The first half of "A Christmas Carol" is just, well, an unfocused mess. The one change that Moffat made to the Scrooge backstory is an in my opinion bad one- firstly, I think the child abuse sequences were cringingly overwrought, but even beyond that the beauty of A Christmas Carol is in the fact that Scrooge is completely and utterly the architect of his own demise. Fezziwig is one of the most important and underrated characters within the story, because when Scrooge is brought through his past the reader learns that his first boss was every bit the man and business leader that Scrooge should have become in his old age. It reinforces the overriding narrative of Scrooge's past that he was constantly surrounded by people attempting to point him in the right direction but was undone by his own failures, and not anybody else's. The point of Carol is largely that Ebeneezer took a promising life and squandered it through his own greed and self-interest, which is what makes the final act land as hard as it does- he's the one, and the only one, who causes his own misfortune, but he's also the only one who decides to fix it. It's a triumphant story of it never being too late to change and be good.

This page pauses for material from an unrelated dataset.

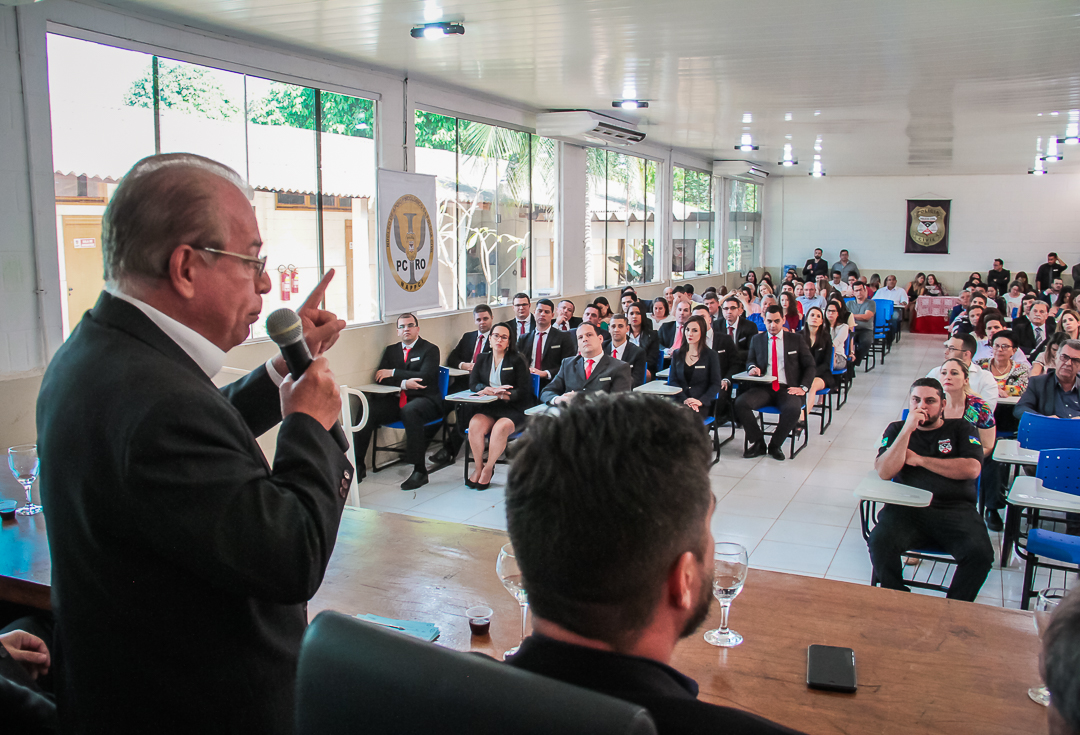 NOVA TURMA DE DELEGADOS E PERITOS CRIMINAIS REFORÇARÁ AÇÃO DA POLÍCIA CIVIL NA ELUCIDAÇÃO DE CRIMES EM RONDÔNIA - News Rondônia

But it works well, only works as well as it does because Ebeneezer is never really a victim- he experiences heartache and pain but it's all the result of his own mistakes.

Making Kazran into a victim of child abuse which is supposed to justify how he's such an evil dick is both too little- okay, Scrooge was an rear end in a top hat but he wasn't a murderous loving psychopath -and also undercuts his eventual growth throughout the episode, because it seems like a weak-willed and kinda flaccid way to make him more sympathetic. Which isn't the point of Carol; you don't sympathize with Scrooge, you empathize with him, because the story is well-written enough that even though Ebeneezer is a self-obsessed piece of garbage who engineered his current fate the framing narrative still makes him into a human being. Writing Kazran's backstory so sympathetically, to me, sells out the fundamental throughline of the source material for no real reason.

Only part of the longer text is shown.